During the observation period (30 days), long-acting, biodegradable dexamethasone, used in the form of intravitreal implant in patients with RVO in the treatment of retinal post-thrombotic changes, statistically significantly increases the erythrocyte aggregation amplitude, reduces the erythrocyte aggregation index and extends the erythrocyte half-aggregation time, which can be associated with its effectiveness in the treatment of RVO.

The predictor of improving visual acuity in RVO can be both hemorheological and morphological parameters of the retina, ie, reduction of erythrocyte aggregation amplitude in the 7th day after the intravitreal administration of a long-acting, biodegradable dexamethasone implant, which correlates negatively with visual field parameters in the 7th and 30th day and reduction of retinal thickness in the central retina on the 7th and 30th day after intravitreal administration of a long-term biodegradable dexamethasone implant, which correlates with improved visual acuity. The limitation of our study is a relatively small group of 35 patients and short duration of observation (30 days) although the drug has been shown to last up to 6 months once released into the vitreous. Nevertheless, we have shown that significant changes in hemorheological profile are observed in the first 30 days after intravitreal application of dexamethasone implant. Longer observation on a larger group is needed to confirm whether the effect of dexamethasone implant on the hemorheological parameters of the blood is sustained for a longer period of time, and how these parameters change when the effect of the drug subsides over time.
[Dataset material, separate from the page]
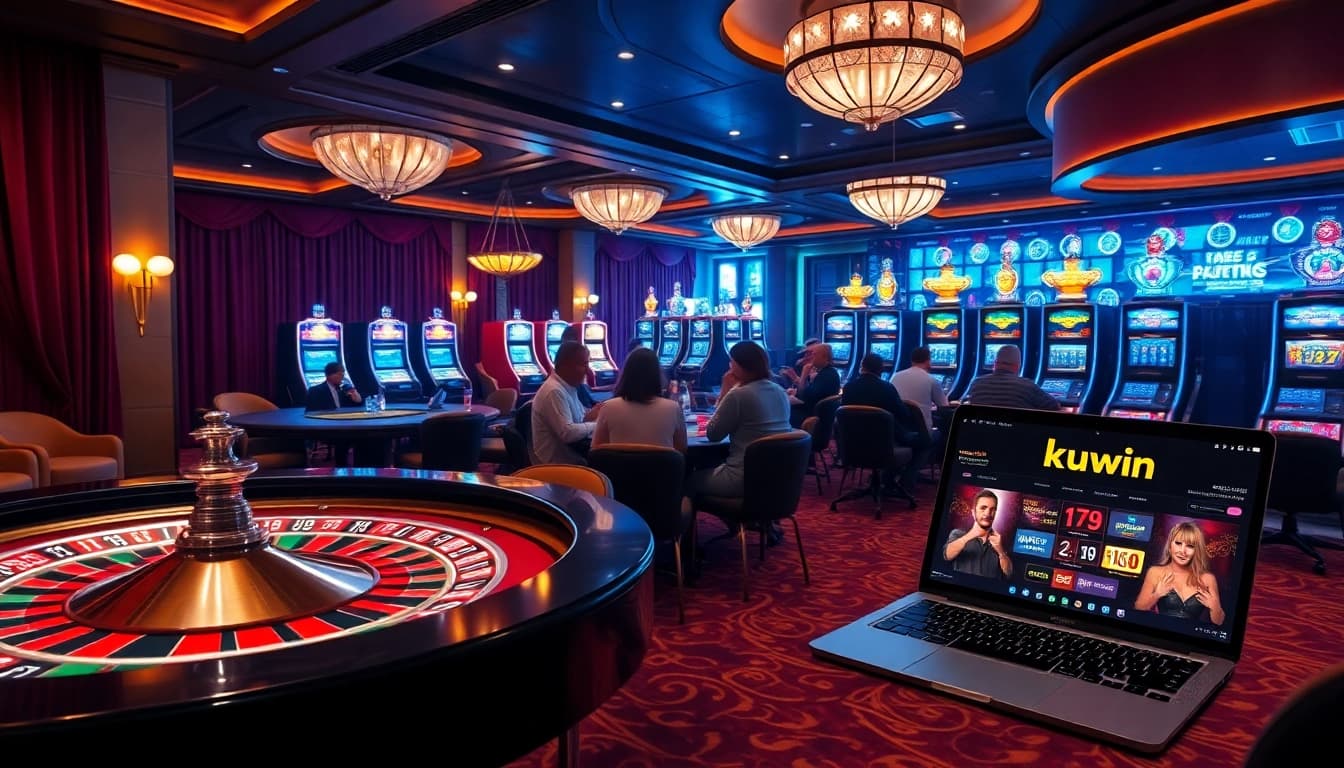 Experience thrilling games at kuwin casino with lively tables and online betting options.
The beneficial clinical effect of dexamethasone in the form of a long-acting, biodegradable, intravitreal implant can be associated with a reduction in the thickness of the central retina and an improvement in retinal microcirculation flow associated with a reduction in erythrocyte disaggregation time.

Conclusions

The results of the study and their statistical analysis suggest that dexamethasone in the form of a long-acting, biodegradable intravitreal implant (Ozurdex) is effective and safe in the treatment of post-thrombotic lesions in RVO patients and significantly affects the amplitude of aggregation of erythrocytes, erythrocyte aggregation index and half-time reconstitution of aggregation of erythrocytes, directly interferes with RVO pathomechanism, which may be a key mechanism of action in RVO therapy. Clinical improvement (visual acuity, visual field) in RVO patients treated with the intravitreal implant of dexamethasone can be associated with a reduction in central retinal thickness and improvement in microcirculation (erythrocyte disaggregation).